I'm having no end of trouble with one of our production SQL boxes – users are experiencing massive drop offs in performance and this is having severe impacts on the business. I've been investigating mainly from a SQL/dba perspective and using sp_BlitzFirst I've been seeing intermittent reports of very slow read/write times (typically ~100-300ms but at points as high as 1000ms+).
The real head scratcher is that after getting our infrastructure guys involved they can't see anything amiss from their end.
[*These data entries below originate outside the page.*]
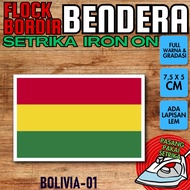 Flock iron-on Badge Patch with Flag Embroidery - BOLIVIA [01]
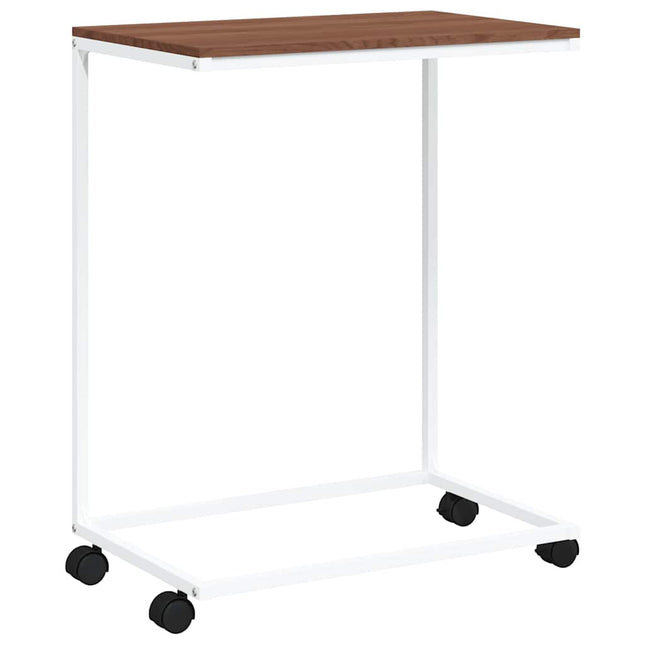 sidebord med hjul 55x35x70 cm konstrueret træ hvid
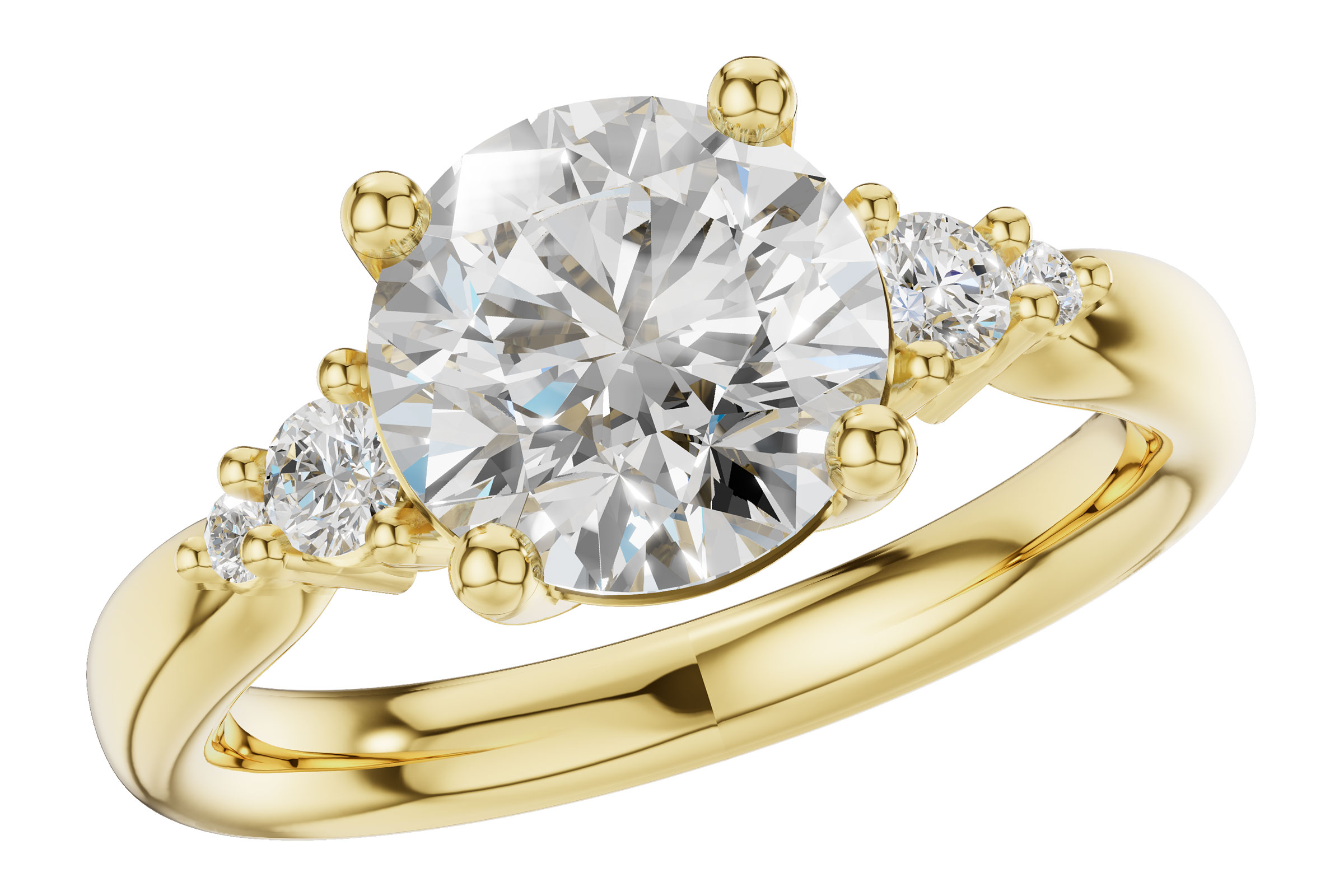 14K Yellow Gold Diamond Semi-Mount Ring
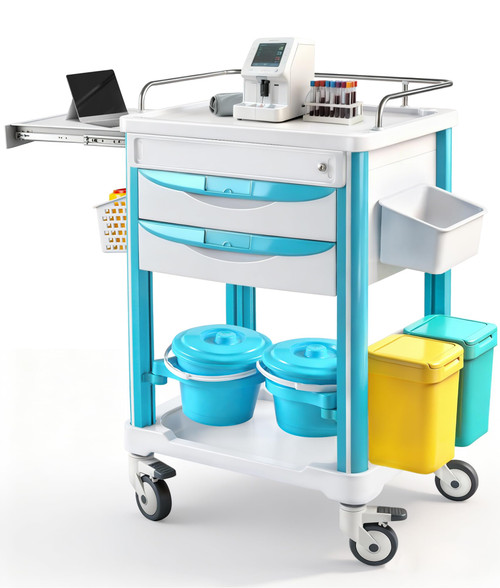Medical Mobile Trolley Cart with Hide Secondary Worktable, Beauty Salon Rolling Trolley with 2 Drawers & 2 Trash Cans, Medical Utility Cart with Silent Wheels & Buckets for Hospital Clinic Lab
The server is a virtual machine (Windows Server 2008 R2, SQL 2008 R2 Standard with 12 cores and 32Gb of RAM providing the databases for a Dynamics CRM 4.0 instance and another web application that is integrated with CRM) running under vmware with storage being provided by a Dell EqualLogic SAN and they are seeing times more in the 30-40ms range. Now it's entirely possible that the samples taken by BlitzFirst and vmware are simply not coinciding and causing the disparity but if not could there be any other explanation? I've used perfmon on the server and while the averages for the disk read/write are pretty reasonable I see definite spikes that are much higher then vmware is reporting – much closer to the figures that BlitzFirst is reporting. Is there anything else I should be looking at?
I'm reasonably certain that the problems BlitzFirst is reporting are real as they always occur at the same points the users experience major problems. To be honest the application performance of this CRM has always been pretty crap but even with a pretty low bar it's still falling well short.